Anyone who's read Big Screen Boston knows that crime movies make up a huge chunk of the better Boston movies. The Brattle is showing a bunch of them over the last half of October.
There's the chance to see some rarely screened movies here. The Friends of Eddie Coyle got some attention this year when it finally came to home video, and it starts off the series on Oct. 15. Based on George V. Higgins' amazing book of the same name--find me another book in which the dialogue is so good and so adroit at advancing the plot--it's the best movie ever made in Boston. If the Brattle is showing the same pristine print I showed last year at the Coolidge, and it appears they are, it is not to be missed.
The Brink's Job, a Runyonesque caper comedy based on a real 1950s robbery, hasn't shown very often since its 1978 release, and it shows Oct. 17. That's the same day the sometimes stirring and sometimes silly original Thomas Crown Affair plays (alas, all the movies are single-admission in this series; no double features). The 1968 Crown is a real movie-theater movie, as is the same year's The Boston Strangler (Oct. 28). Both were inspired by the split-screen experimental films at Expo '67. Strangler has little resemblance to what really happened in the Albert DeSalvo case, but its storytelling is very interesting.
The series has a tie-in with a short-story anthology edited by Dennis Lehane, so of course he's represented, with Clint Eastwood's overrated Mystic River (Oct. 26), which missed the sarcastic streak to Lehane's Boston, and Ben Affleck's much more authentic Gone Baby Gone (Oct. 25). Of course, the most famous recent example of Boston noir, Scorsese's The Departed (the series closer on Oct. 29), is deservedly here, too.

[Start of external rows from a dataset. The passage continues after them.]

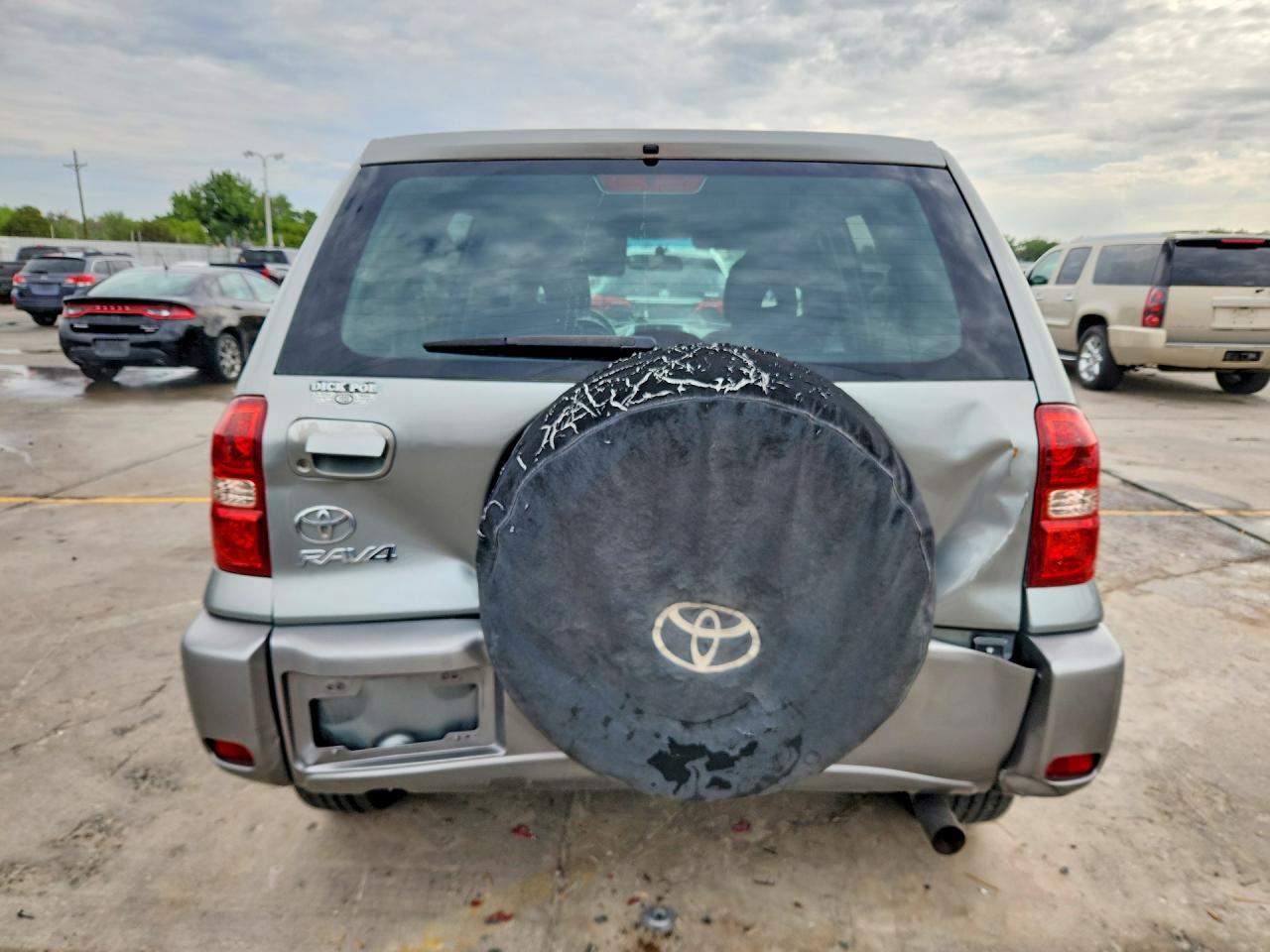 2005 Toyota Rav4 Base Silver vin: JTEGD20V850085683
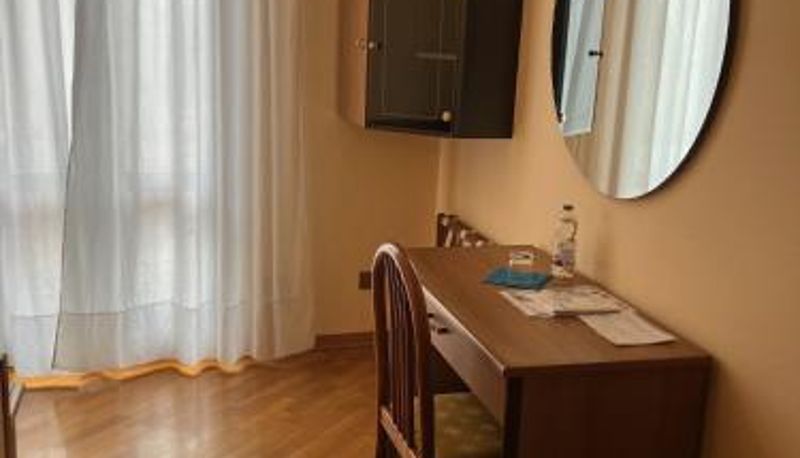 Pokój - Hotel Saini with Air conditioning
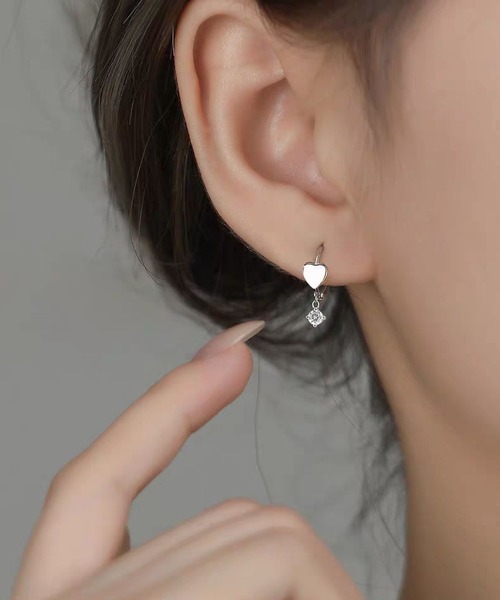 LA VORAGINE(ラ ヴォラジネ)の「ハートデザイン フープピアス ミニマルシンプル 繊細可愛い ユニーク 高級感(ピアス(両耳用)・レディース・シルバー/ゴールド・FREE)」の15枚目の写真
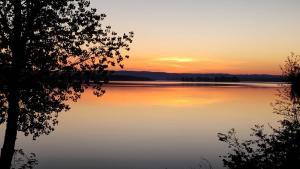 widok na jezioro o zachodzie słońca w obiekcie Spot Caché - Waterfront - Water sports included! w mieście Papineauville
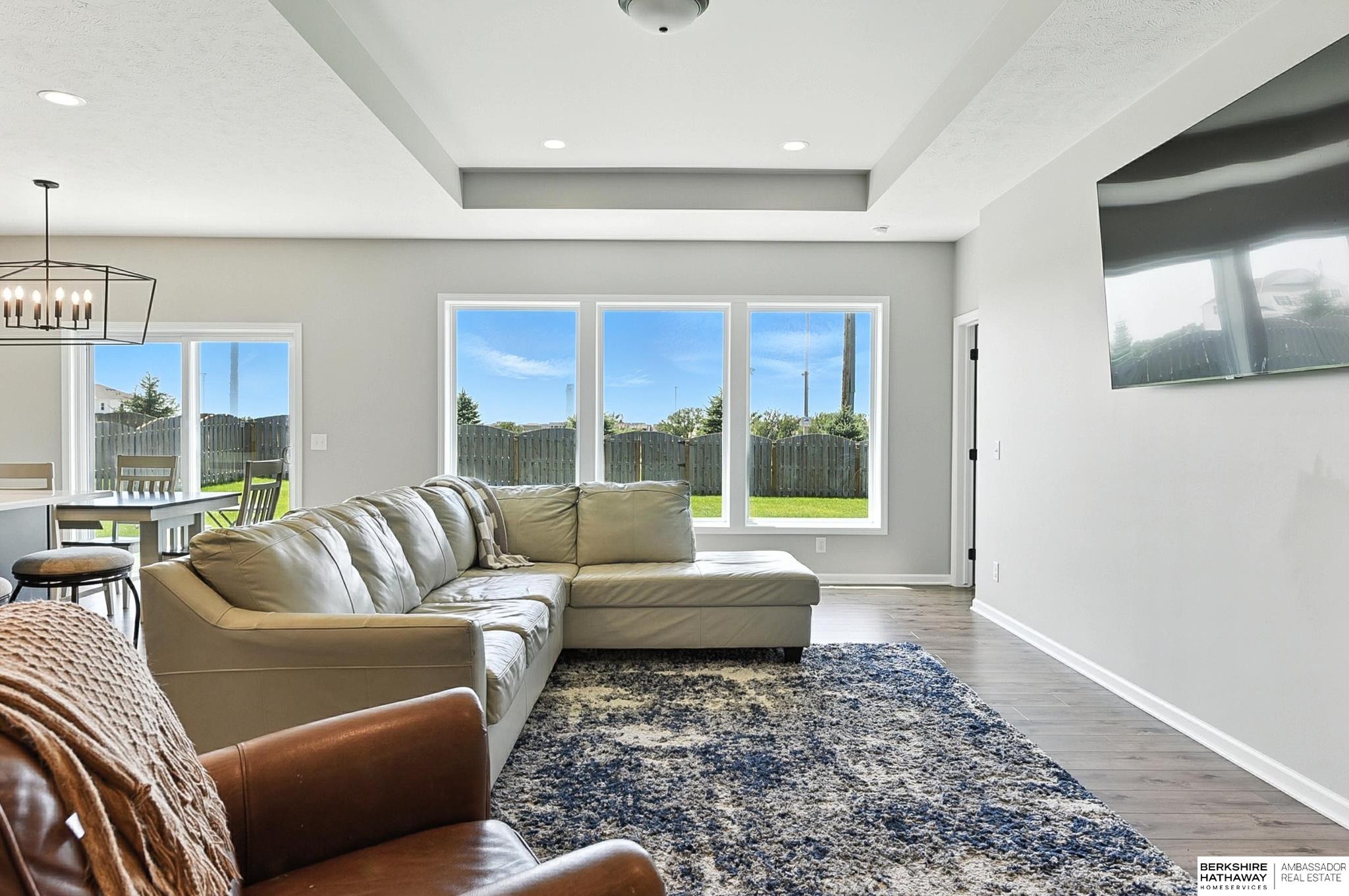 Bennington, Nebraska 68007, United States, 4 Bedrooms Bedrooms, ,2 BathroomsBathrooms,Residential,Active,221475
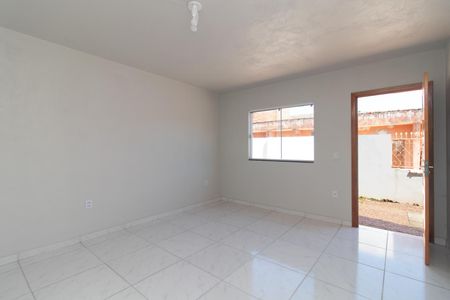 Sala/Quarto de casa para alugar com 1 quarto, 28m² em Chapéu do Sol, Porto Alegre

The remaining two films, both of which I like a lot, are a bit out of place. The David Mamet duo of The Spanish Prisoner and Spartan (Oct. 27) are both able reminders of the days when Mamet lived here and shot a chunk of his smart movies here. But each takes place only partially within Greater Boston, and they don't necessarily have a strong sense of place. The series would have been better served by the more apt Monument Ave., which doesn't just fit the set's theme. It's also a powerful movie that rips at the heart of this tribal city.